Pazartesi, Ocak 13, 2025

Marmara’da büyük deprem riski: 30 milyon kişi tehlikede

Deprem uzmanı Prof. Dr. Haluk Eyidoğan, Marmara Denizi’nde gerçekleşebilecek büyük bir depremin, İstanbul dahil 11 ili ve yaklaşık 30 milyon insanı etkileyebileceği konusunda uyardı. Eyidoğan, bu tür bir depremin bölgedeki ekonomik ve toplumsal yapıyı derinden sarsabileceğini belirterek, özellikle Marmara Bölgesi’nin Türkiye'nin gayri safi milli hasılasının yarısını oluşturduğunu hatırlattı. Eyidoğan, olası deprem riskini en aza indirebilmek için kurumlar arası iş birliği ve halkın bilinçlendirilmesinin önemine vurgu yaptı. Ayrıca, kentsel dönüşüm ve yapı güçlendirmesi çalışmalarının acilen hızlandırılması gerektiğini ifade etti.

Share

Deprem uzmanı Prof. Dr. Haluk Eyidoğan, Marmara Denizi’nde olası bir büyük depremin, bölgedeki 11 ili ve yaklaşık 30 milyon insanı etkileyeceğini belirtti. Eyidoğan, Trakya Üniversitesi’nin düzenlediği afet çalıştayı için geldiği Edirne’de yaptığı açıklamada, Marmara Bölgesi’nin 2 bin yıllık deprem geçmişine dikkat çekerek, “Marmara’da 7 ve daha büyük büyüklükte bir deprem bekleniyor. Bu durum, sadece İstanbul’u değil, çevresindeki illeri de büyük ölçüde etkileyecek” dedi.

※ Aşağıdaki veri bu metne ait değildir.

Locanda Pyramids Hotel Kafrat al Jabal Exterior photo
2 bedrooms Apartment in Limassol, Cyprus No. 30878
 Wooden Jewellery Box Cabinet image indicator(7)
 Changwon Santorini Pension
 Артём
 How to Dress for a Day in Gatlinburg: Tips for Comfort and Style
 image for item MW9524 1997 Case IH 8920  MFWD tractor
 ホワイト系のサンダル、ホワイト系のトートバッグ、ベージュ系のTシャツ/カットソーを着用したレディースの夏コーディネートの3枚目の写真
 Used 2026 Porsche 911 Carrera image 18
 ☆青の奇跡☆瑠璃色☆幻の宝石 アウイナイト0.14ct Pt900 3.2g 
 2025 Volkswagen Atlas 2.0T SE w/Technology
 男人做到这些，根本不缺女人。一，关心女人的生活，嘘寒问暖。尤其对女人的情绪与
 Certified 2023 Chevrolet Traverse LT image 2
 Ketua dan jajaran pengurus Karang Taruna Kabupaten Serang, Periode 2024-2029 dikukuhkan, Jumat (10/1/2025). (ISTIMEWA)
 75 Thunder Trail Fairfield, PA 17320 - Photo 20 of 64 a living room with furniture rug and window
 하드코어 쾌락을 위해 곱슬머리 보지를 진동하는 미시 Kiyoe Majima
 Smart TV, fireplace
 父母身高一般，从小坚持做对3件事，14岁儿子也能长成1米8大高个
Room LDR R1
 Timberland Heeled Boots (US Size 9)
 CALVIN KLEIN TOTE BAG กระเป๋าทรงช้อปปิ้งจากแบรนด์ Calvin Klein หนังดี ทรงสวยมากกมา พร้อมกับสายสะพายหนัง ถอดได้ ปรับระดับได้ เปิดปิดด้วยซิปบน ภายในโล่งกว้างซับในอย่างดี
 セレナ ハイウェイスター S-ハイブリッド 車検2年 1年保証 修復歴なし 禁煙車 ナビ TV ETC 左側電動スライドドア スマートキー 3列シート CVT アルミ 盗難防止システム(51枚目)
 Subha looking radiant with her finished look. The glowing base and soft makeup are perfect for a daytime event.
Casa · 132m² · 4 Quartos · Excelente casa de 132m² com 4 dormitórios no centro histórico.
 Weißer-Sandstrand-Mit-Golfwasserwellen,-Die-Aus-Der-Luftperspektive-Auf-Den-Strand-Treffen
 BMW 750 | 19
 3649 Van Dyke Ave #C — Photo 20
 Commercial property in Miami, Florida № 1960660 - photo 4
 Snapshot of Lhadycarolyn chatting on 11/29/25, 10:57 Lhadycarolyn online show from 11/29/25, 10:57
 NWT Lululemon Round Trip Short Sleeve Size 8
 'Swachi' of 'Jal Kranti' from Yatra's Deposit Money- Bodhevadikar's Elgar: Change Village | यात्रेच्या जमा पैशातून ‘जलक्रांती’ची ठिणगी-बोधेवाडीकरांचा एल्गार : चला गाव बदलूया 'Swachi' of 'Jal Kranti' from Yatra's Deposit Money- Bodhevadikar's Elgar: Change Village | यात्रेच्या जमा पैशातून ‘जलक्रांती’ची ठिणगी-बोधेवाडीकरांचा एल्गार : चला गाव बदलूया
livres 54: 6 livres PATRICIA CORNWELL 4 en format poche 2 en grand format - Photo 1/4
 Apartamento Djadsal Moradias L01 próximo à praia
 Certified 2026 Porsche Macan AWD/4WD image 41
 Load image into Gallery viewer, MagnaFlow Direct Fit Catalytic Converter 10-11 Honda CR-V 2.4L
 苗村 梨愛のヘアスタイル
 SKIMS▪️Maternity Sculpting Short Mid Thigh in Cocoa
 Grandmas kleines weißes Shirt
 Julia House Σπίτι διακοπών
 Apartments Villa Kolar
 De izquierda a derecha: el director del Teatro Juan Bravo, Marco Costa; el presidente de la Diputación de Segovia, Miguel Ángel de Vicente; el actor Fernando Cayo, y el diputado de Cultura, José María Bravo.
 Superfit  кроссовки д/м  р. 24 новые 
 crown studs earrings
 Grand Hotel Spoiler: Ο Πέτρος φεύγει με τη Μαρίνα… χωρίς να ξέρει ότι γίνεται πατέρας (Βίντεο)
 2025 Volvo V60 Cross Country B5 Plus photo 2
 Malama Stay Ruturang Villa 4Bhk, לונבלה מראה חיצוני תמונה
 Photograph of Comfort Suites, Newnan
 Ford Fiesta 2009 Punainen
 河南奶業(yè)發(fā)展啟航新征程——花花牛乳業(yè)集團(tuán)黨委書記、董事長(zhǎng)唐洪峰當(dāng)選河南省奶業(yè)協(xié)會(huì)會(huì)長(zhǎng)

Eyidoğan, son yıllarda bilim insanlarının Marmara’daki potansiyel depreme ilişkin çalışmalar yürüttüğünü belirterek, “İstanbul, Tekirdağ, Kocaeli, Yalova, Bursa, Balıkesir ve Çanakkale gibi Marmara Denizi’ne kıyısı olan şehirlerin tamamı bu büyük depremin etkisi altına girecek” ifadelerini kullandı. Bu durumun bölgedeki nüfus yoğunluğuyla birleşince, çok ciddi ekonomik ve toplumsal sorunlar yaratabileceğini vurgulayan Eyidoğan, “Marmara Bölgesi, Türkiye’nin gayri safi milli hasılasının yüzde 50’sini oluşturuyor. Böyle bir felaket sadece İstanbul’u değil, tüm ülkeyi derinden etkiler ve beka sorunu haline gelebilir” dedi.

Riskin Azaltılması İçin Ortak Çalışma Vurgusu

Eyidoğan, afet risklerinin en aza indirilebilmesi için tüm kurum ve kuruluşların iş birliği yapması gerektiğini dile getirdi. Özellikle afetlere hazırlıklı olmak ve halkı bilinçlendirmek adına, yerel yönetimler, mülki idareler, üniversiteler ve akademisyenlerin aktif rol oynaması gerektiğinin altını çizdi. “Toplum temelli bir afet riski çalışması yapıldığında daha sağlıklı sonuçlar alınabilir” diyen Eyidoğan, kentsel dönüşüm ve yapı güçlendirme çalışmalarının da kritik öneme sahip olduğunu belirtti.

Prof. Dr. Haluk Eyidoğan, Marmara Bölgesi’nde yaşayan insanların, olası bir deprem için hazırlıklı olması gerektiğine ve afet bilincinin her katmanda canlı tutulması gerektiğine dikkat çekti.